Promise
- the "GHOST" Colony
- Red Dwarf, M5.5Ve
- 234 000
- Gliese 667
- SupNet NONE
- Jumpgate NONE
The Failure of Promise
The Gliese 667C system is the "Ghost Colony" for a reason. 200 years ago, it was the Hegemony's first great "second wave" colonization project, sold to millions as "Promise" a system with three habitable-zone super-Earths. A now-defunct corporation (swallowed by Monolith) sold tickets on massive, sub-light "ark-ships," promising a new start.
The "habitable" worlds were marginal at best. The terraforming was unstable. The soil was toxic. The resources were thin. After a brutal, decades-long attempt to make it work, the Hegemony simply pulled out.
The Jumpgate was never built. The SupNet link was never installed. They cut their losses, declared the colony "non-viable," and abandoned over 100,000 colonists to their fate, leaving a "Graveyard" of scuttled colony ships in orbit.
They didn't die. They endured. The people of Gliese 667C are fiercely independent, resourceful, and hold a deep, abiding hatred for the Core Worlds and the corporations that betrayed them.
Promise is the main colony world and the "capital" of the system. It's a dusty, arid planet with thin air (breather-masks are common in the lowlands).
Key Locations
Promise City
The original, pre-fabricated colony and now a ghost town. It's a crumbling, brutalist ruin, half-buried in red dust. It's a testament to the Hegemony's failed promises. "Ghouls" (desperate scavengers) and rogue constructs pick through its empty, echoing towers.
Serenity's Reach
A frontier town and the "real" capital of Gliese 667. It's built into the walls of a massive, windswept canyon system for protection. It's a chaotic, vibrant shanty town of salvaged ship parts, prefab-huts, and open-air markets.
This is the heart of the "Free-Folk," run by an elected Mayor and a "council of captains." This is where the spacers come to get jobs, lay low, and find a real mechanic.
The Dust-Farms
Scattered settlements in the plains trying to eke out a living, growing modified lichen and "dust-wheat." They are often preyed upon by raiders who are often just other colonists pushed to the brink.
The Graveyard
The orbit of "Promise" is a junkyard.
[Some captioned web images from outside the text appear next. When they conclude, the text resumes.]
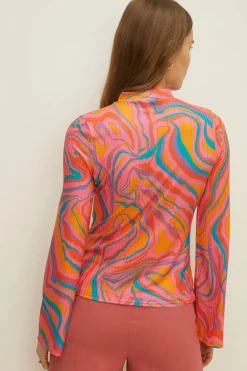 Fashion Oasis Petite Marble Rib Mock Neck Top Pink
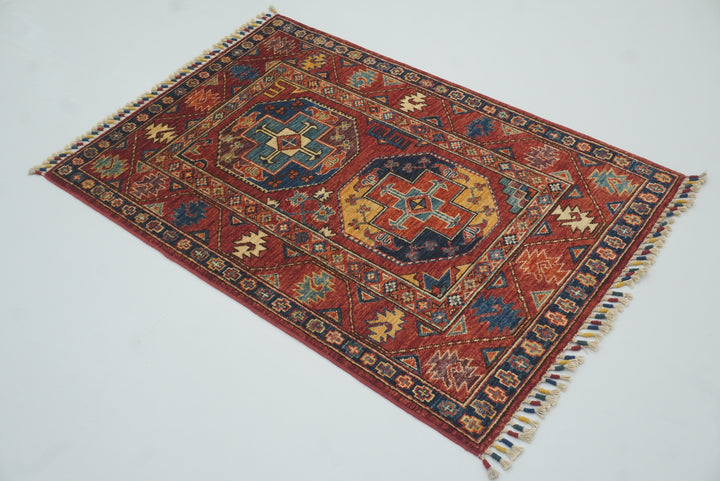 3x4 Red Ersari Hand Knotted Afghan Oriental Rug - Yildiz Rugs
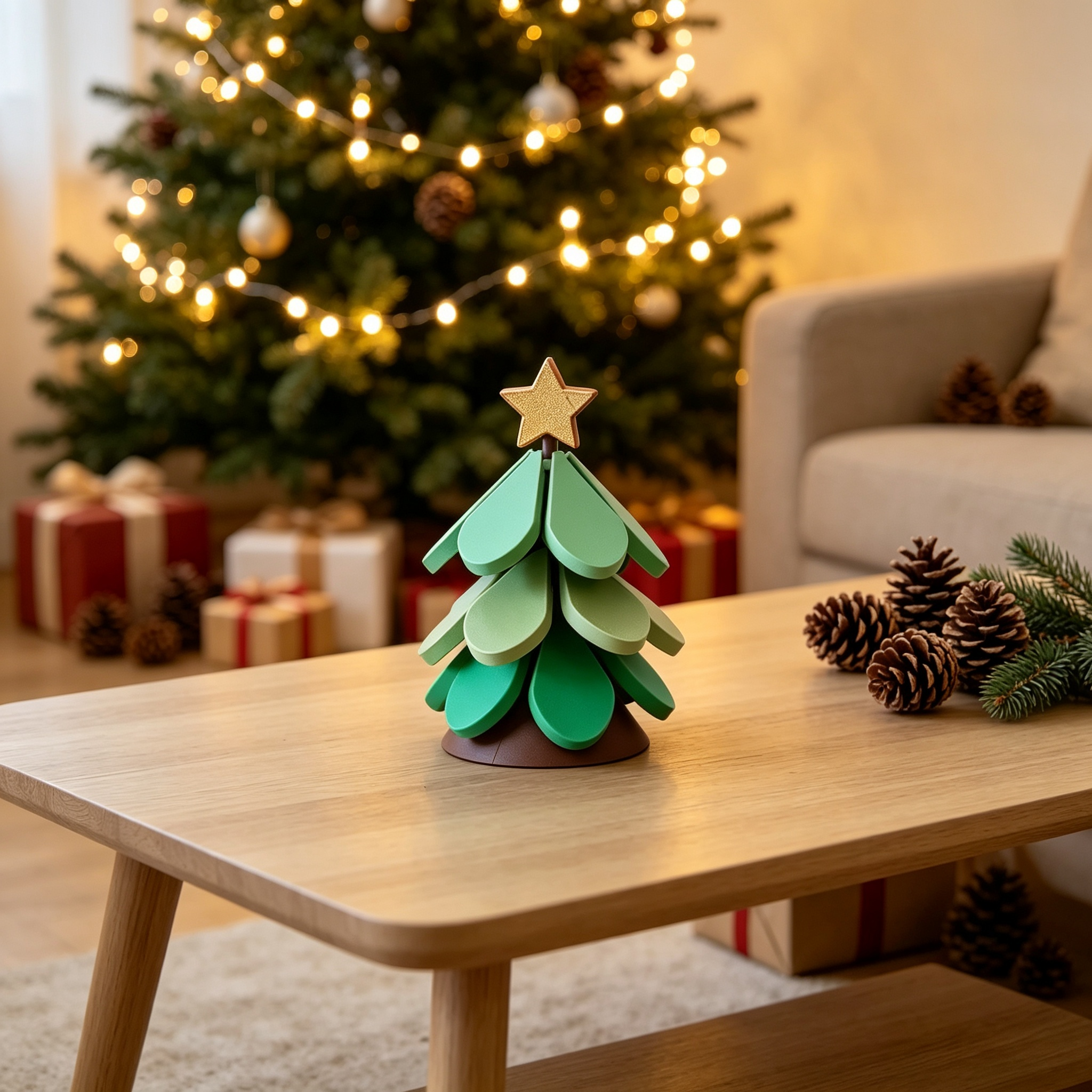 PLA 3D Printed Holiday Decoration Detachable Child Safe Christmas Tree Coaster Mat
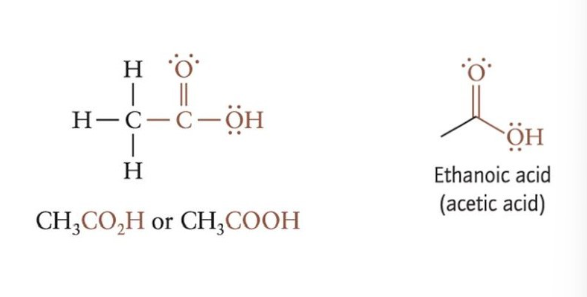 <p>carbonyl attached to R and -OH</p><ul><li><p>COOH</p></li></ul>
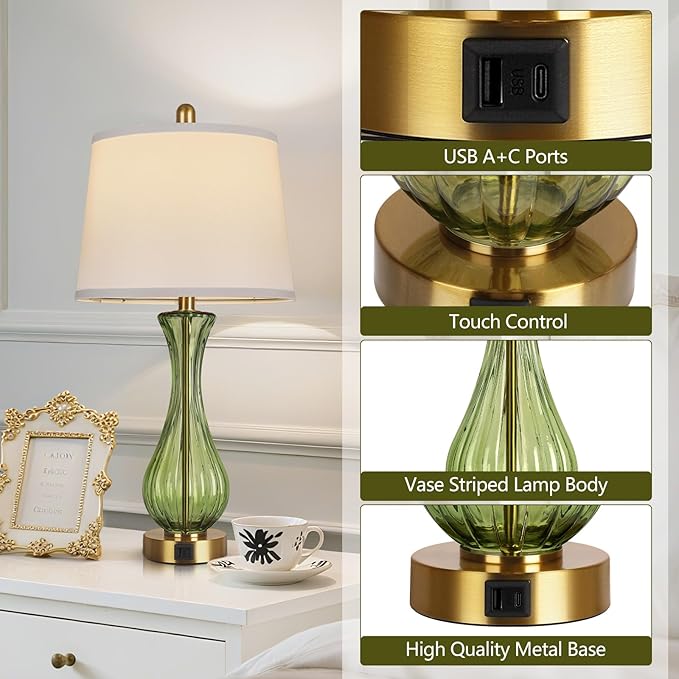 27.5" Coastal Glass Table Lamp Set of 2, 3-way Dimmable Full Touch Control Beach Lamp with USB A+C Port, Green Glass Nautical Bedside Lamp with White Shade for Living Room Bedroom(LED Bulbs Included)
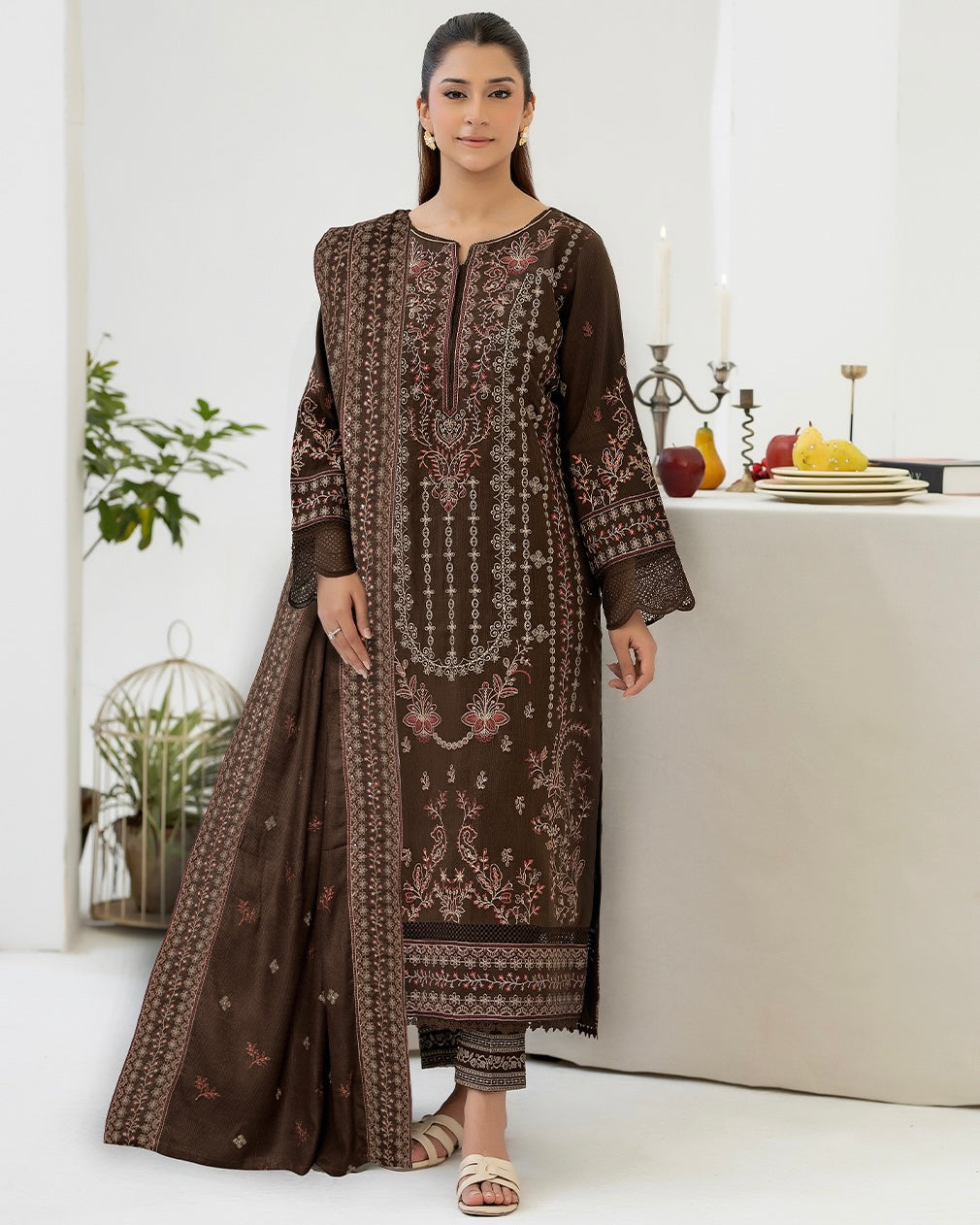 Johra Sunshine | Embroidered Fancy Peach Leather | Design 634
The original fleet of massive, sub-light "Ark-Ships" float, dead and silent.
The Salvage-Hub "The Ark"
A station built from lashing and welding three of the old Arks together. This is where the "scrappers" live, launching expeditions into the other hulks.
The Lure: The Graveyard is a treasure trove of "Old-Tech" parts, fuel, and data.
The Dangers: The hulks are not safe. Some have gone "feral" (corrupted AI, malfunctioning security systems). Some still have "sleepers" in failing cryo-pods. And some are lairs for pirates who prey on salvagers.
Serenity's Reach
Promise City
Serenity's Reach
"The canyon walls keep out the dust storms. They also keep out hope."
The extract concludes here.